◆ What is expected
Before you write out the listing, remove the pictures; everything else stays exactly as it is.

◆ Stored data
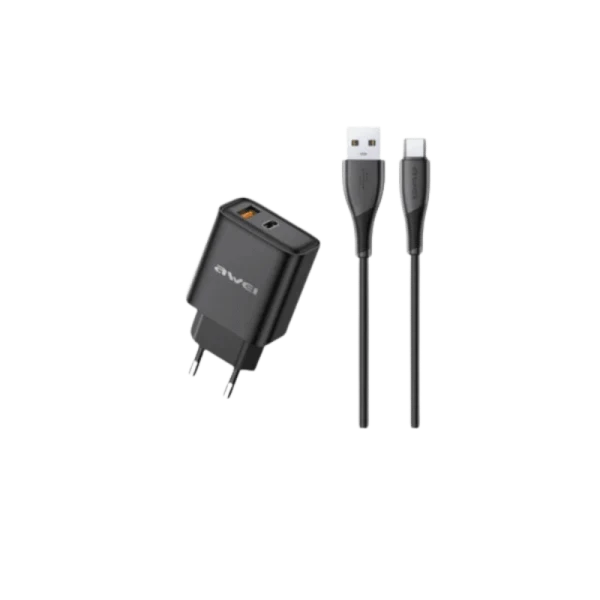 Awei PD81T-EU 22.5W GaN Fast Charger with Integrated USB-C Cable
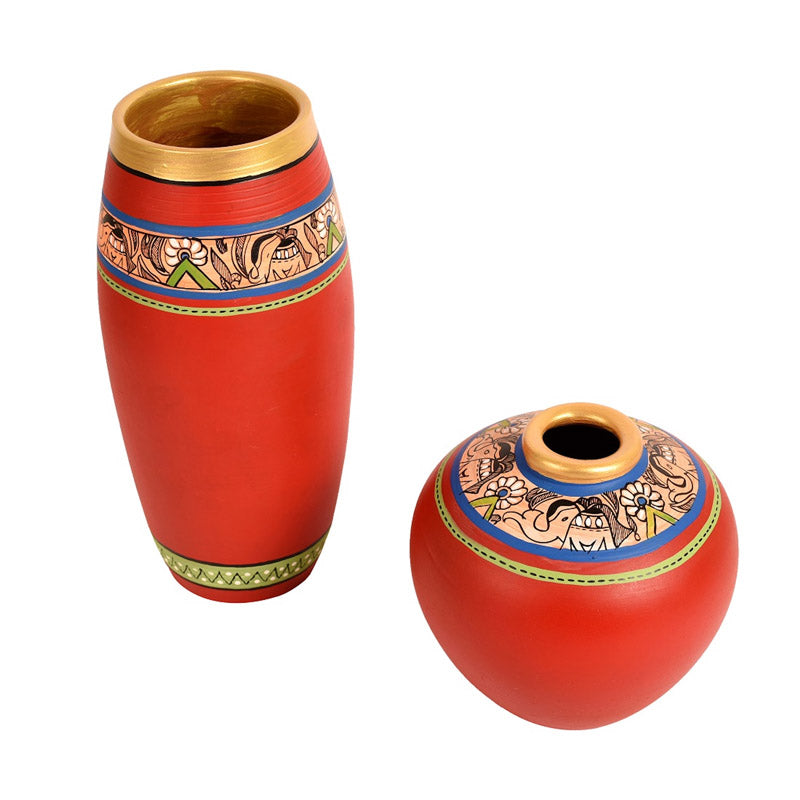 Buy Bhavya Terracotta Vase - Set of Two Vase from Vaaree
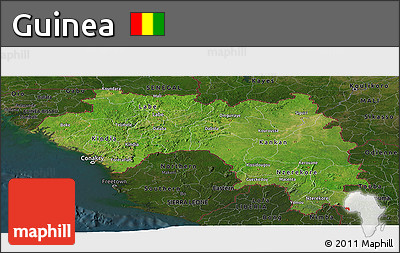 Satellite Panoramic Map of Guinea, darken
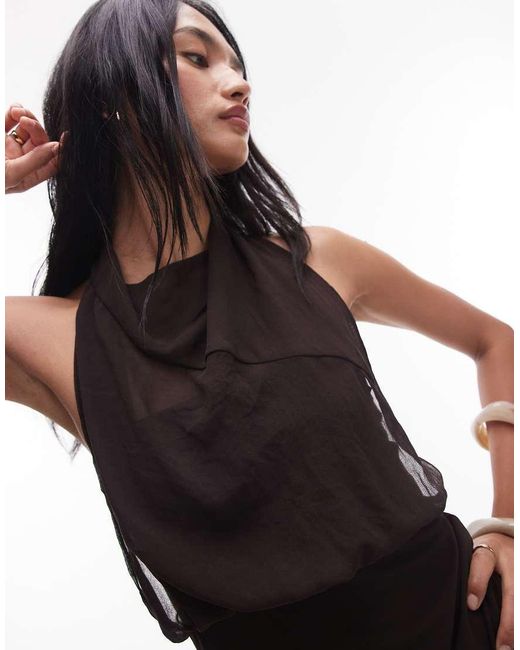 Mango Black X Supriya Lele Gathered Bodice With Chiffon Halterneck Overlay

◆ Written response
 Awei PD81T-EU 22.5W GaN Fast Charger with Integrated USB-C Cable
 Buy Bhavya Terracotta Vase - Set of Two Vase from Vaaree
 Satellite Panoramic Map of Guinea, darken
 Mango Black X Supriya Lele Gathered Bodice With Chiffon Halterneck Overlay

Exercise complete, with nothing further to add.